Exercise description
No pictures go in the copy; retype exactly the lines from the one with "707 Forrest Ave, RYDAL, PA 19046" through the last line of the records.

Data extracts
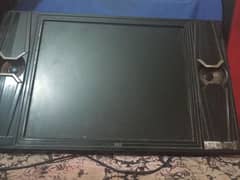 Asim 78600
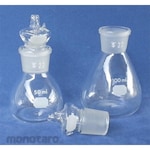 SANSYO Pycnometer Wide Mouth (Botol Piknometer)
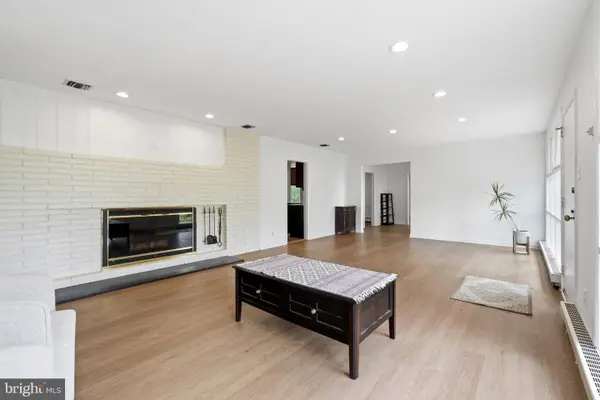 707 Forrest Ave, RYDAL, PA 19046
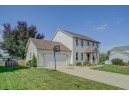 680 Willow Brook Tr, Sun Prairie, WI 53590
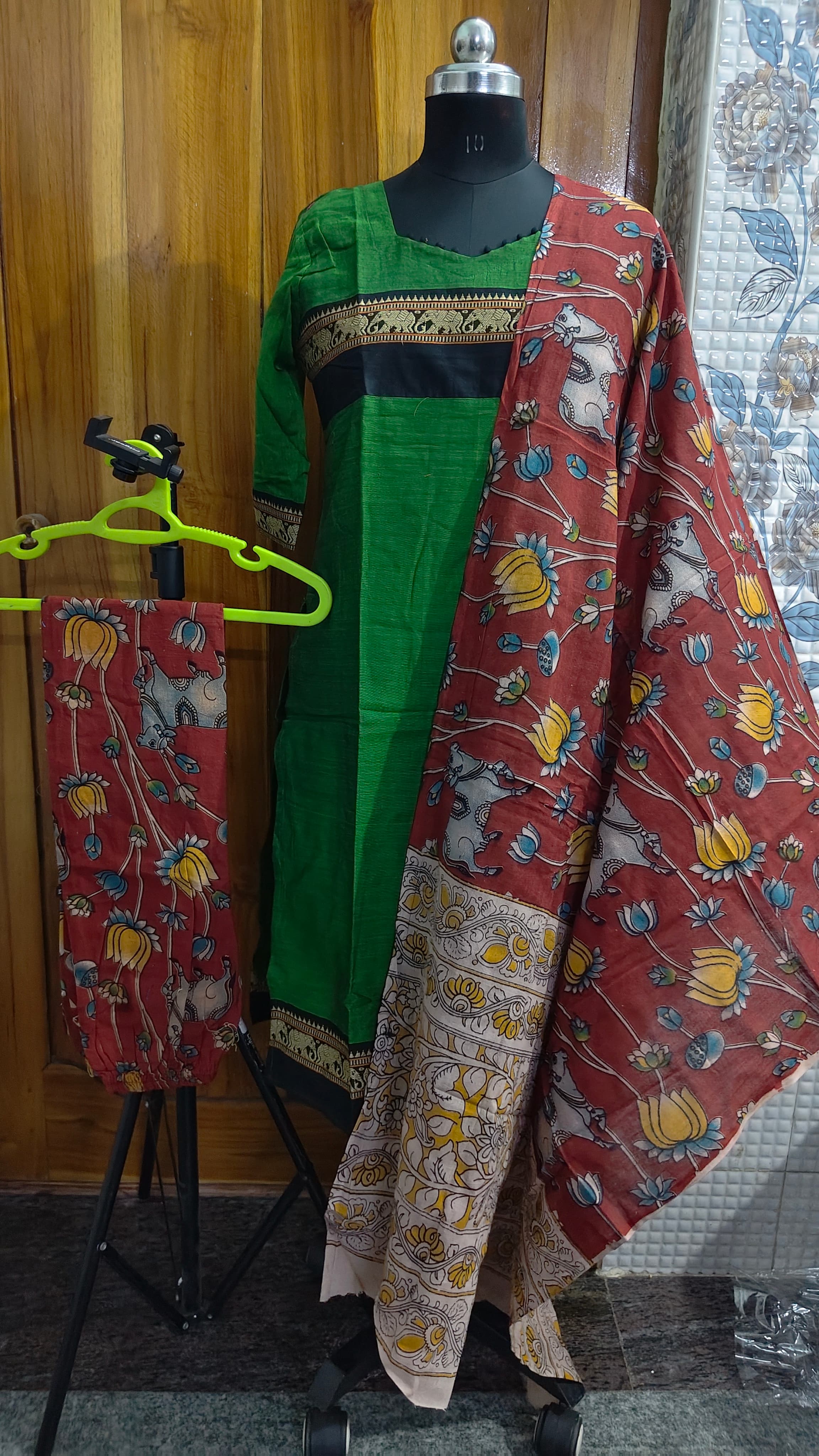 FESTIVALCOLLECTIONS016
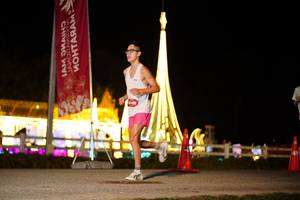 BIB: 
                            <button type="button" onclick="openModal(27841063)" class="btn btn-primary btn-sm float-right btn-popup" data-toggle="modal" data-target=".modal-high-quality">
                        <i class="fas fa-shopping-cart"></i> Add to Cart
                    </button>
                                            <button type="button" onclick="isThisMe(27841063, true)" class="btn btn-success btn-sm float-right btn-popup btn-isme hidden" data-toggle="tooltip" data-placement="bottom" title="นี่คือรูปของคุณใช่ไหม คลิกที่นี่เพื่อเอาเข้าอัลบั้ม">
                        <i class="fas fa-plus"></i> Add to album
                    </button>
                    <button type="button" onclick="isThisMe(27841063, false)" class="btn btn-warning btn-sm float-right btn-popup btn-isnotme hidden">
                        <i class="fas fa-ban"></i> Remove from album
                    </button>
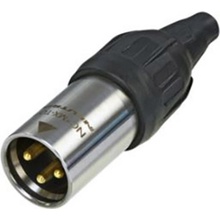 Neutrik NC3MX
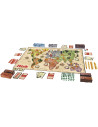 B7404102,Joc De Strategie Risk In Limba Engleza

Response
 707 Forrest Ave, RYDAL, PA 19046
 680 Willow Brook Tr, Sun Prairie, WI 53590
 FESTIVALCOLLECTIONS016
 BIB: 
                            <button type="button" onclick="openModal(27841063)" class="btn btn-primary btn-sm float-right btn-popup" data-toggle="modal" data-target=".modal-high-quality">
                        <i class="fas fa-shopping-cart"></i> Add to Cart
                    </button>
                                            <button type="button" onclick="isThisMe(27841063, true)" class="btn btn-success btn-sm float-right btn-popup btn-isme hidden" data-toggle="tooltip" data-placement="bottom" title="นี่คือรูปของคุณใช่ไหม คลิกที่นี่เพื่อเอาเข้าอัลบั้ม">
                        <i class="fas fa-plus"></i> Add to album
                    </button>
                    <button type="button" onclick="isThisMe(27841063, false)" class="btn btn-warning btn-sm float-right btn-popup btn-isnotme hidden">
                        <i class="fas fa-ban"></i> Remove from album
                    </button>
 Neutrik NC3MX
 B7404102,Joc De Strategie Risk In Limba Engleza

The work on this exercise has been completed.